## Data supplied
....

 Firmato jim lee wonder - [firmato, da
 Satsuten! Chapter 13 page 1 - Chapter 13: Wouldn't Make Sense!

....

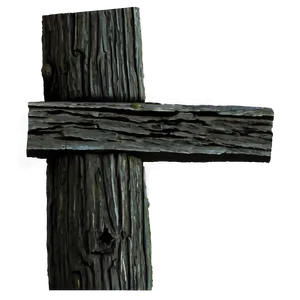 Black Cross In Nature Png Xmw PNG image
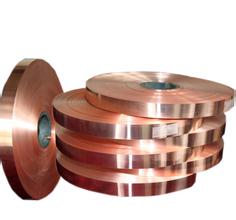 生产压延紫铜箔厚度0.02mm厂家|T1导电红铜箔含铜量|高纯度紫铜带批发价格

....

## Problem to work on
Take the records above and return, word for word, only the lines that fall from the line with "Firmato jim lee wonder - [firmato, da" to the line with "Satsuten! Chapter 13", both of them included.

## Exercise response
 Firmato jim lee wonder - [firmato, da
 Satsuten! Chapter 13 page 1 - Chapter 13: Wouldn't Make Sense!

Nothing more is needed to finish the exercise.